A statistical breakdown suggests that nearly 60 percent of these crimes were motivated by racial bias, with African Americans targeted in about half of those. Over 20 percent were expressions of religious animosity; more than half of those attacks were aimed at Jews, with another quarter targeting Muslims. (There has been a sharp rise in crimes against Muslims and people of Arab descent.)
Sociologists and psychiatrists can offer informed analyses of the social conditions that cause people harboring bigoted attitudes to “act out.” But it isn’t much of a stretch to attribute a significant portion of this troubling spike in hate crimes to a President who traffics in racial and religious stereotypes.
In fact, Trump’s victory poses a chicken-and-egg conundrum: did rising tribalism and bigotry lead to his election? Or did he win by nurturing and exploiting that bigotry?
The answer, of course, is both.
In the Atlantic, Adam Serwer has provided a compelling analysis of the essential nature of Trump’s appeal. He began that analysis by revisiting David Duke’s gubernatorial campaign in Louisiana. Then, as now, the Chattering Classes attributed Duke’s appeal to economic “distress.” Then–as now–the data simply didn’t support that explanation.

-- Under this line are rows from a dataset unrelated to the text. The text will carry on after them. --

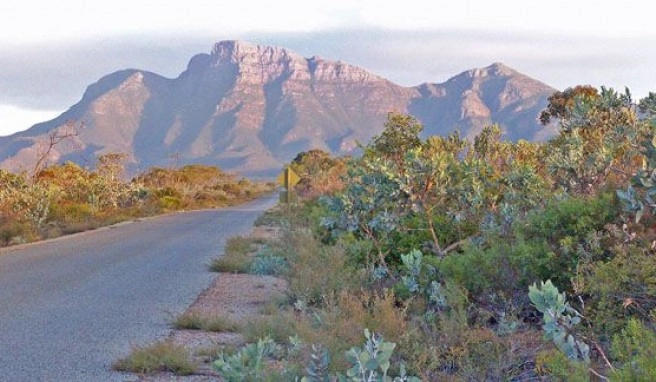 West-Australien Easy Going zwischen Wüste und Meer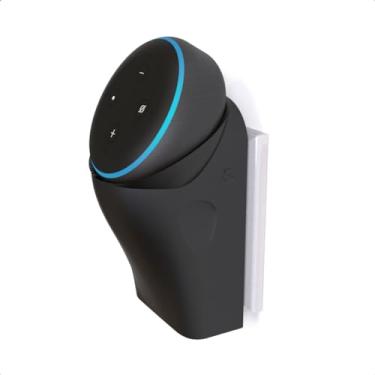 Imagem de Sculpy Suporte de Tomada e Parede para Amazon Alexa Echo Dot 3ª Geração Apoio V2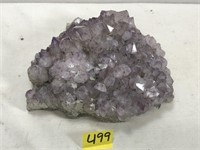 Large Purple Geode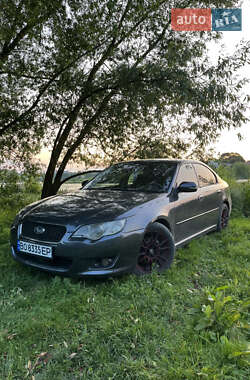 Subaru Legacy  2008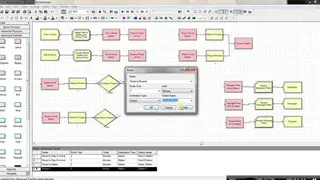 Arena Simulation Software screenshot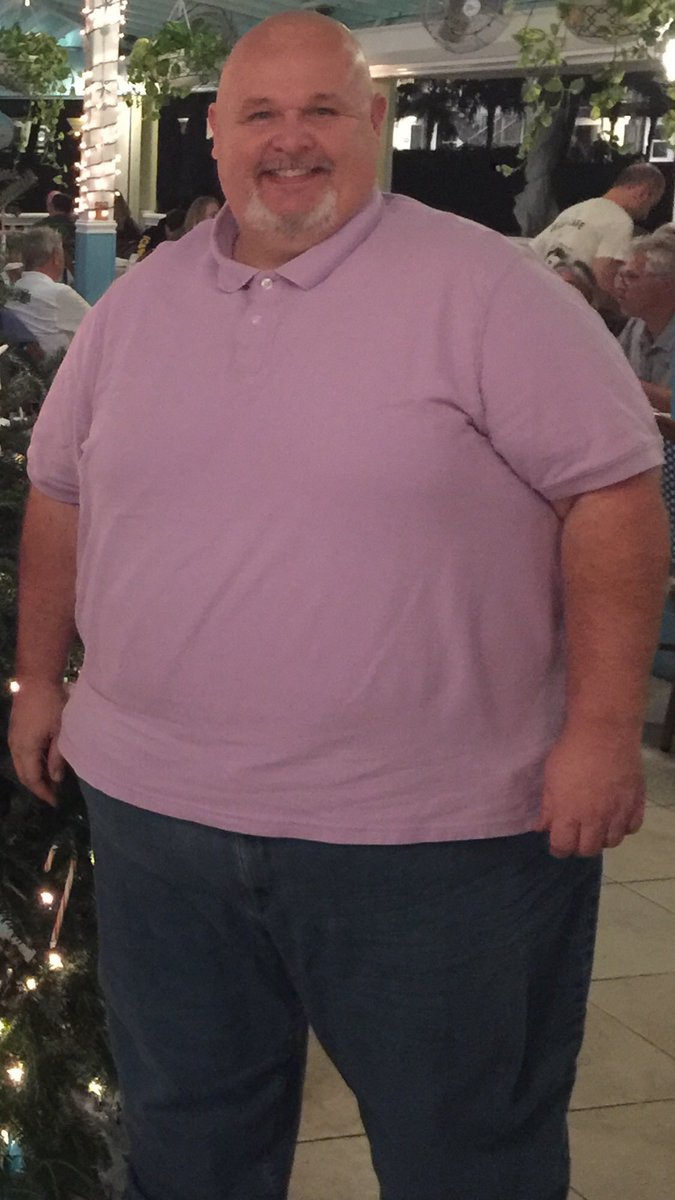 Dr_Bentley_SOHS's tweet photo. June 5, 2019 ➡️ July 18, 2020
13 Months &amp; 13 Days ➡️ 
263 Pounds Lost 
FYI ... 13 is my lucky number.  🙂 https://t.co/HUA1DzRsA9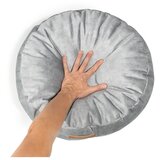 Rexproduct Sivi krevet za pse ø 50 cm Coco S – | shoptok.hr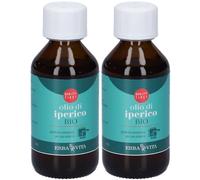 Olio Di Iperico Bio 2x100 ml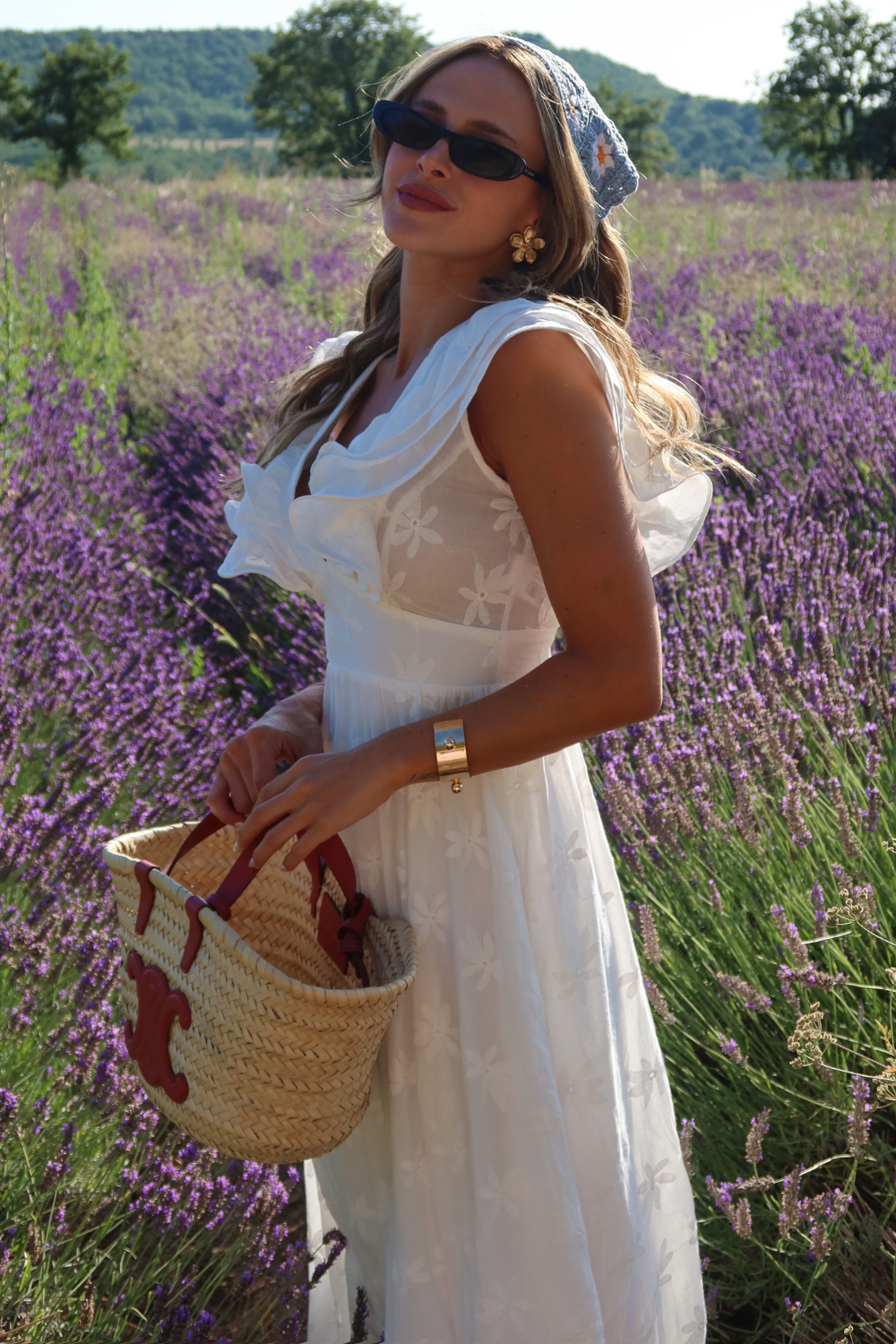 VESTIDO LONGO ALICE COLEÇÃO VERÃO 24
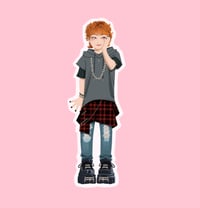 Image 2 of Jiung P1HARMONY sticker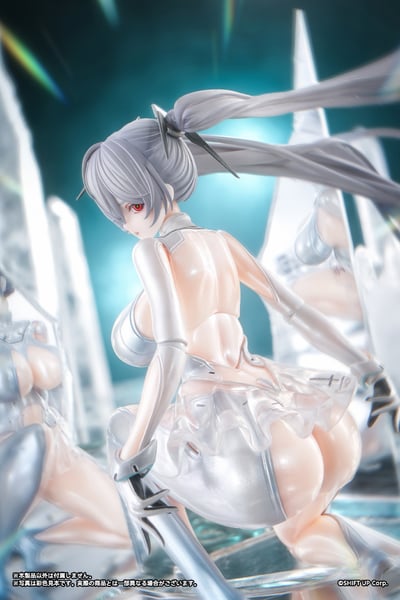 【正版授權】AmiAmi × 蝸之殼 Snail Shell－NIKKE 勝利女神 灰姑娘 Cinderella7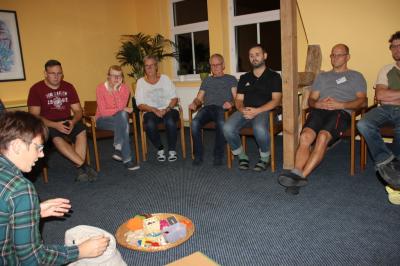 Foto des Albums: Familienrüstzeit in Schwarzenshof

Duke’s strong showing, however, wasn’t powered merely by poor or working-class whites—and the poorest demographic in the state, black voters, backed Johnston. Duke “clobbered Johnston in white working-class districts, ran even with him in predominantly white middle-class suburbs, and lost only because black Louisianans, representing one-quarter of the electorate, voted against him in overwhelming numbers,” The Washington Post reported in 1990. Duke picked up nearly 60 percent of the white vote. Faced with Duke’s popularity among whites of all income levels, the press framed his strong showing largely as the result of the economic suffering of the white working classes. Louisiana had “one of the least-educated electorates in the nation; and a large working class that has suffered through a long recession,” The Post stated.
Duke’s position as a leader of the KKK was explained away by Louisiana voters, who blamed the media for “making Duke seem racist.”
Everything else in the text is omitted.